The Neutron Spin Rotation (NSR) collaboration has developed a neutron spin polarimeter that has allowed the precise measurement of spin rotations at a level of less than 10-6 rad/m. This sensitive polarimeter was used with a liquid helium target as a test of parity non-conservation (PNC) in the nucleon-nucleon weak interaction. The Standard Model has been remarkably successful in describing weak interactions between leptons, leptons and hadrons, and in flavor-changing decays of hadrons. However, it has proven difficult both experimentally and theoretically to test the Standard Model with the nucleon-nucleon weak interaction. Strong and electromagnetic processes dominate at low energy so investigations are limited to PNC observables, where weak currents must play a role. Experiments measuring PNC spin-rotations in low-A nuclei are one of the few ways to access and test these fundamental theories. In addition, the NSR polarimeter was more recently used to place a stringent limit on possible long-range, spin-dependent interactions through the exchange of an exotic vector boson. Upgrades to the apparatus should enable significantly improved limits on both quantities.
We completed a successful run of an experiment to study the strong interaction using weak interaction properties of the neutron. The neutron spin-rotation experiment is based on the principle that a transversely polarized neutron beam will experience a parity-violating rotation of its polarization vector about its momentum axis in the target due to the weak interaction component of the forward scattering amplitude. To measure the small rotation angle, a neutron polarimeter was used in which the horizontal-component of the neutron beam polarization was measured for a neutron beam initially polarized along the vertical axis. The challenge was to distinguish small parity-violating rotations from rotations that arise from residual magnetic fields.
The apparatus is shown in Fig. 1 assembled on the NG-6 beamline at the NIST Center for Neutron Research. The collaboration acquired data on the rotation angle of neutrons traversing a 42-cm liquid helium target from the period of January through June of 2008. The target was divided into four quadrants, front and back and side-to-side.
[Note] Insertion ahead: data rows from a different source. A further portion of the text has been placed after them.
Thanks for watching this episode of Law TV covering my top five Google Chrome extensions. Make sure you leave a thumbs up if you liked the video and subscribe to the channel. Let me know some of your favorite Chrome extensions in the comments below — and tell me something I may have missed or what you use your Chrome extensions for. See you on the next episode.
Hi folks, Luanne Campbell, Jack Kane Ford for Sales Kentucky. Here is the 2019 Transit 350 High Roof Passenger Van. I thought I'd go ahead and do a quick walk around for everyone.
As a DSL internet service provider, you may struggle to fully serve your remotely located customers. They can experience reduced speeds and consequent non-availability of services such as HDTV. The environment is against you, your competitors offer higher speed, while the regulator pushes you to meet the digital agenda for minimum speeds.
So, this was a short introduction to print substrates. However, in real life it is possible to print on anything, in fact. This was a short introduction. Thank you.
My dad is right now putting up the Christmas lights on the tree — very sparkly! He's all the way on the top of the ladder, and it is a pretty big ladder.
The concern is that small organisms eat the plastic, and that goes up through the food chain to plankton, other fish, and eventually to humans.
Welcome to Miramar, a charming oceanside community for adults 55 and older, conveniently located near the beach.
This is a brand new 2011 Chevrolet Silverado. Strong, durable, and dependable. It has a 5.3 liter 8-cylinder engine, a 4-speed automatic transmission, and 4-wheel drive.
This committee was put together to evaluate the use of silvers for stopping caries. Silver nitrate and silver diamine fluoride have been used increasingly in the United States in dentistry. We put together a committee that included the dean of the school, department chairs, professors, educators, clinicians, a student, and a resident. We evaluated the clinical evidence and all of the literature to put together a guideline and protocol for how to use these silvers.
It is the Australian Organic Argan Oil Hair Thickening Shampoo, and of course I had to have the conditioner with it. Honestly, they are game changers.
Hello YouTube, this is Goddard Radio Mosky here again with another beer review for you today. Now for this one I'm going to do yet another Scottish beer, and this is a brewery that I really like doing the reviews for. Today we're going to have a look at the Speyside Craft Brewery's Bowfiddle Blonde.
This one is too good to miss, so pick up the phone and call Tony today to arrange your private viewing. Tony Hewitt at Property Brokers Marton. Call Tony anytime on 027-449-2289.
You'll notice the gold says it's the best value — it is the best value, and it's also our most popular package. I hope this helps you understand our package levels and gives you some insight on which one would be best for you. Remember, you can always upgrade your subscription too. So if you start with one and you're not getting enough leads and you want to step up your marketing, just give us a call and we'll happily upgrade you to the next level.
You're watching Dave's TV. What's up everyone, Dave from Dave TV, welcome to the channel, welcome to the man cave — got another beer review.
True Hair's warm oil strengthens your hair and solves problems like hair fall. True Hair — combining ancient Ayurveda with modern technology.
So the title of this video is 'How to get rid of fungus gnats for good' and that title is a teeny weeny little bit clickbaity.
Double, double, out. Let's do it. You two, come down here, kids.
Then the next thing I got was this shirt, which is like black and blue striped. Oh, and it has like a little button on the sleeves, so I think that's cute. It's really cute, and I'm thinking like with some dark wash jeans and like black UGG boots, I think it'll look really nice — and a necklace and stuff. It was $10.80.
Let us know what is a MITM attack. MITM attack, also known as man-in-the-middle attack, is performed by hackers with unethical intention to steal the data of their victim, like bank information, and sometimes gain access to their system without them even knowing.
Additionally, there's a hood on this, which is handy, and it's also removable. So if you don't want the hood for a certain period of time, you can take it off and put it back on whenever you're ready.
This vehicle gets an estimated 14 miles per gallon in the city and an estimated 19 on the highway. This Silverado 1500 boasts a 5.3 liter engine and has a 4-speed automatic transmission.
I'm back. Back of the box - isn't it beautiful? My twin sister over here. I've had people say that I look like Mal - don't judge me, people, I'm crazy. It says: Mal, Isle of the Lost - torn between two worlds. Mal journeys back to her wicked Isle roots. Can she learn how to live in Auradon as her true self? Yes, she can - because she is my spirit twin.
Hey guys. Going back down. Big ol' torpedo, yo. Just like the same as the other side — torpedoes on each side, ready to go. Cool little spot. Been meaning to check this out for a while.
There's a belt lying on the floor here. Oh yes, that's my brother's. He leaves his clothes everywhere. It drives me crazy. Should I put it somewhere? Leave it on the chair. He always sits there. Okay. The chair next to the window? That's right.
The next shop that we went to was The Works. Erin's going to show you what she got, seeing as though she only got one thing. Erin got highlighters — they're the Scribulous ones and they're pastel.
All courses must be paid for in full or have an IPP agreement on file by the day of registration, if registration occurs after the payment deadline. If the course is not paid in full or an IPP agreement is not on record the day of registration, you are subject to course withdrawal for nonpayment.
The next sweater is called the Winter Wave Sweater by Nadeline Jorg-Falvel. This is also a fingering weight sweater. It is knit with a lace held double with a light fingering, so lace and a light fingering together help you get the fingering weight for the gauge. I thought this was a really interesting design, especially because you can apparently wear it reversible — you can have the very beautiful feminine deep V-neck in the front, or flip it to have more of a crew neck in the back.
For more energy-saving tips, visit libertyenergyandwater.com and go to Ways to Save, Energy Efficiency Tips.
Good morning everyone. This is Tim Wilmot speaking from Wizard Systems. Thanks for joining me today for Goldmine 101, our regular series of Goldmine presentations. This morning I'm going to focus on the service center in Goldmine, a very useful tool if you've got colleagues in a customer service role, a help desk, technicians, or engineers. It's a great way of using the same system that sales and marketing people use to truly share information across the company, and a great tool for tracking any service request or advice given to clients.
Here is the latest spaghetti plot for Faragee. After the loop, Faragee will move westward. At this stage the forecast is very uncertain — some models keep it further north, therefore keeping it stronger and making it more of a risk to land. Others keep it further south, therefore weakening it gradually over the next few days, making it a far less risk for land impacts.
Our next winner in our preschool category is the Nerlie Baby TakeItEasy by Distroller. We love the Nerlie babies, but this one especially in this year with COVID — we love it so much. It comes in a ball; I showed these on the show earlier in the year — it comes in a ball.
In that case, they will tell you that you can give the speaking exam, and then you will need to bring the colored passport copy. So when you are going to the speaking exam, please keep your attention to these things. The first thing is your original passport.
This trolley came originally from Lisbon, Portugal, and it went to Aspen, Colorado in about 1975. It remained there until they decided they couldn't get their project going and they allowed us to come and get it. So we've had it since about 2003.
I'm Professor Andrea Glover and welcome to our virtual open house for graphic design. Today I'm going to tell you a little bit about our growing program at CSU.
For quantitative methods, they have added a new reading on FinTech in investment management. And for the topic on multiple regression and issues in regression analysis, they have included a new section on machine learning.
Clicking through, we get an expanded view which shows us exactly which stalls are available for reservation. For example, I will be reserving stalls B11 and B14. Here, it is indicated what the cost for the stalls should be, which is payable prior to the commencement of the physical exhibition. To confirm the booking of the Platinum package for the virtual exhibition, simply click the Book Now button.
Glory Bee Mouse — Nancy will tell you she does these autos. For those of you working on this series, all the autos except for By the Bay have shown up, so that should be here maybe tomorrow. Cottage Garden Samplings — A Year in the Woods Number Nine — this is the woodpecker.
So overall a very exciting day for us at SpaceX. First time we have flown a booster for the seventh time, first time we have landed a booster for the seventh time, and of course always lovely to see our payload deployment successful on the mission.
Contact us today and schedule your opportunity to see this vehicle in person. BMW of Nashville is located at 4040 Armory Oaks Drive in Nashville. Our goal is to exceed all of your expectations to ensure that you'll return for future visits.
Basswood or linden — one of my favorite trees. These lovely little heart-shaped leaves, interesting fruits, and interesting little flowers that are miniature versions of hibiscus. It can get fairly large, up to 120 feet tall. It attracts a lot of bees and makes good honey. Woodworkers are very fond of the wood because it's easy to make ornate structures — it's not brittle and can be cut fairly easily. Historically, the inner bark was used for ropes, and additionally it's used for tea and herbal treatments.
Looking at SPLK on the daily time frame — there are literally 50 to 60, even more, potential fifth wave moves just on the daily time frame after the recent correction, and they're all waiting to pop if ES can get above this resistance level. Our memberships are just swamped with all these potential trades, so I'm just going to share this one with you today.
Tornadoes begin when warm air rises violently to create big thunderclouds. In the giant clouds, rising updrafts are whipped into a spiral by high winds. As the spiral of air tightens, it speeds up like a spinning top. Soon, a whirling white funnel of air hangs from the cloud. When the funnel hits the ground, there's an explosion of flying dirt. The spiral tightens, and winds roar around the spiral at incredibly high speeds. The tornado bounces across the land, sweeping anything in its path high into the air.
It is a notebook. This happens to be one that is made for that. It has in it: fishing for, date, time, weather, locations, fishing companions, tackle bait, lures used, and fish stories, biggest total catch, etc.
This allowed one to remove the beam fluctuations by operating two simultaneous experiments side-by-side and also to minimize the effect of magnetic field drifts by inserting between the upstream and downstream targets a magnetic pi-coil that rotates the spins by 180 degrees. The position of the targets was changed by pumping the liquid helium using a non-magnetic centrifugal pump.
Upon completion of the running, both the statistical and systematic analysis of the data were performed. We calculated rotation angles for each of the pi-coil and target states. Figure 2 shows the PNC angle with the pi-coil on (i.e., when it is sensitive to PNC influences). The result from the final analysis for the rotation angle is (+2.1 ± 8.8) × 10−7 rad/m, which is the best limit on spin rotation in liquid helium. The uncertainty is dominated by counting statistics, and hence, an improved experiment is being developed for the new high-flux NG-C beamline. The upgraded experiment will take advantage of the large area of the beam by redesigning the LHe target, using supermirror guides, and purchasing improved polarizers. The goal of the new experiment is to improve the limit on PNC rotation to 2 × 10−7 rad/m, which will be sufficient to test recent theoretical predictions.
Since the last operation of the polarimeter, many of the components were upgraded, which enabled a novel method for searching for short-range forces. Specifically, one could search for the possible existence of new interactions in nature with ranges of mesoscopic scale (millimeters to microns), corresponding to exchange boson masses in the 1 meV to 1 eV range and with very weak couplings to matter.
The improved apparatus was outfitted with a room-temperature target using multiple flat plates containing a large mass density gradient across the gaps traversed by the polarized neutrons. The test masses were arranged in four quadrant regions each containing eight open channels for the neutrons separated by two plate thicknesses (see Fig. 3). The precision polarimetry was performed in a manner analogous to that of the liquid helium target: the target was designed such that in any of the four possible target states two diagonally opposed quadrants would not be sensitive to any short-range force while the remaining two would produce rotations of opposite signs from opposite mass-gradients. Rotating the target into different states reverses the mass gradient, and thus the signs of the rotations in each quadrant, without affecting the signs of rotations from magnetic fields. This allows one to isolate rotations from systematic effects versus those potentially arising from short-range forces.
The experiment was carried out on the FP12 neutron beamline at the Los Alamos Neutron Scattering Center (LANSCE) at Los Alamos National Laboratory. The result improved limits on possible long-range, spin-dependent interactions through the exchange of an exotic vector boson, as shown in Fig. 4. Prospects for future improvement in the sensitivity are very good. The intensity of the cold neutron beam at the NG-C beam at NIST is higher by about two orders of magnitude. Combined with a longer running time and the use of a denser target material such as tungsten in place of the copper used in this work, one can envision a further improvement in the statistical sensitivity in future measurements of more than two orders of magnitude assuming that there are no limitations from unanticipated systematic uncertainties.